Zebrafish melanoma

You can download them from STMiner-test-data. You can also download the raw dataset from GEO.

Import package

from STMiner.SPFinder import SPFinder

Load data

file_path = 'Path/to/your/h5ad/file'
sp = SPFinder()
sp.read_h5ad(file=file_path, bin_size=1)

The parameter bin_size specifies the size of merged cells (spots). If not specified, no merging is performed. If set to 50, 50x50 cells/spots will be merged into a single cell/spot. Due to low sequencing depth in some datasets, cells/spots are often merged during analysis (e.g., stereo-seq). However, 10x data typically does not require merging.
The ST datasets was storaged in .adata object of sp, you can use sp.adata to check them:

sp.adata

Besides, sp Obj has many useful attributes which can be used for visualization or integrated into other pipelines (such as scanpy). See API for more details.

Find SVG

sp.get_genes_csr_array(min_cells=200, log1p=False)
sp.spatial_high_variable_genes(thread=6)

The parameter min_cells was used to filter genes that are too sparse to generate a reliable spatial distribution.
The parameter log1p was used to avoid extreme values affecting the results. For most open-source h5ad files, log1p has already been executed, so the default value here is False.
You can perform STMiner in your interested gene sets. Use parameter gene_list to input the gene list to STMiner. Then, STMiner will only calculate the given gene set of the dataset.
You can see output while computing as follows:

Parsing distance array...: 100%|██████████| 10762/10762 [01:12<00:00, 149.11it/s]
Computing ot distances...:  10%|▉         | 1069/10762 [03:04<31:11,  6.12it/s]  

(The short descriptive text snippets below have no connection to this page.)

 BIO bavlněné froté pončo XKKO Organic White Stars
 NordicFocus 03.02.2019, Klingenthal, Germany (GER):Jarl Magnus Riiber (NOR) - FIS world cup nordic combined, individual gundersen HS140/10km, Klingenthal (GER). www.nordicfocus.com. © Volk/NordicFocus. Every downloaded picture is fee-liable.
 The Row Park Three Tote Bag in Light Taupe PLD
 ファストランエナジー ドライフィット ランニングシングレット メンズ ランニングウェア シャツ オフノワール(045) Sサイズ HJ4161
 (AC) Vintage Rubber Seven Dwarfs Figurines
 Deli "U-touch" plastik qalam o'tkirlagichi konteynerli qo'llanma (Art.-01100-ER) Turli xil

You can check the spatial varitation of each gene by:

sp.global_distance

Gene	Distance	z-score
myha	1.35E+08	2.771493
vmhcl	1.01E+08	2.470881
zgc:101560	9.95E+07	2.458787
pvalb1	9.82E+07	2.445257
myhz2	9.75E+07	2.437787
...	...	...
rps17	2.61E+05	-3.63207
rpl13	2.48E+05	-3.68506
rpl32	2.43E+05	-3.70327
rsl24d1	2.27E+05	-3.7757
rpl22	1.83E+05	-3.99332

Fit GMM

sp.fit_pattern(n_comp=20, gene_list=list(sp.global_distance[:2000]['Gene']))

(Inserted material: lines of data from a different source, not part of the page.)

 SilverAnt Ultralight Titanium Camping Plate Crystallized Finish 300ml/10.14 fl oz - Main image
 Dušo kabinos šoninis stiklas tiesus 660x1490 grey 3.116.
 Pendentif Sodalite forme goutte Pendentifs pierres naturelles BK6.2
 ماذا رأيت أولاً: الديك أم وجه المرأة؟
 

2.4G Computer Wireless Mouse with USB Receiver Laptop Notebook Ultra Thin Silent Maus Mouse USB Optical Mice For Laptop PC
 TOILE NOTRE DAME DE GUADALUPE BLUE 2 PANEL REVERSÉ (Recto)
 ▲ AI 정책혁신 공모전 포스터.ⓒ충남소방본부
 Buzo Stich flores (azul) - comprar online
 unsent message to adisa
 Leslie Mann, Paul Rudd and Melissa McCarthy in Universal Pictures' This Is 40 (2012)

You can see output while computing as follows:

Fitting GMM...:  10%|▉         | 190/2000 [00:42<04:36,  6.54it/s] 

n_comp： Number of components for each GMM model
gene_list: Gene list to fit GMM model

Build distance array

sp.build_distance_array()

This step calculates the distance between genes’ spatial distributions. You can visualize the distance array by:

import seaborn as sns
sns.clustermap(sp.genes_distance_array)

build distance matrix & clustering

sp.cluster(n_clusters=6)

n_clusters: Number of cluster

Result & Visualization

The result are stored in genes_labels:

spf.genes_labels

The output looks like the following:

	gene_id	labels
0	Cldn5	2
1	Fyco1	2
2	Pmepa1	2
3	Arhgap5	0
4	Apc	5
..	...	...
95	Cyp2a5	0
96	X5730403I07Rik	0
97	Ltbp2	2
98	Rbp4	4
99	Hist1h1e	4

To visualize the patterns by heatmap:

sp.get_pattern_array()
sp.plot.plot_pattern(heatmap=False,
                     s=5,
                     rotate=True,
                     reverse_y=True,
                     reverse_x=True,
                     vmax=95,
                     cmap='Spectral_r',
                     output_path='./')

heatmap: If True, plot a heatmap. If False, plot a scatterplot. False is the default.
s: Spot size
rotate\reverse_y\reverse_x: Adjust the axis of plot.
cmap: cmap of plot
vmax: The percentage of the highest value of plots. Avoid the effect of large values for visualization.
output_path: If set, save the figure to path To visualize the genes by labels:

sp.plot.plot_genes(label=0, n_gene=8, s=5, reverse_y=True, reverse_x=True)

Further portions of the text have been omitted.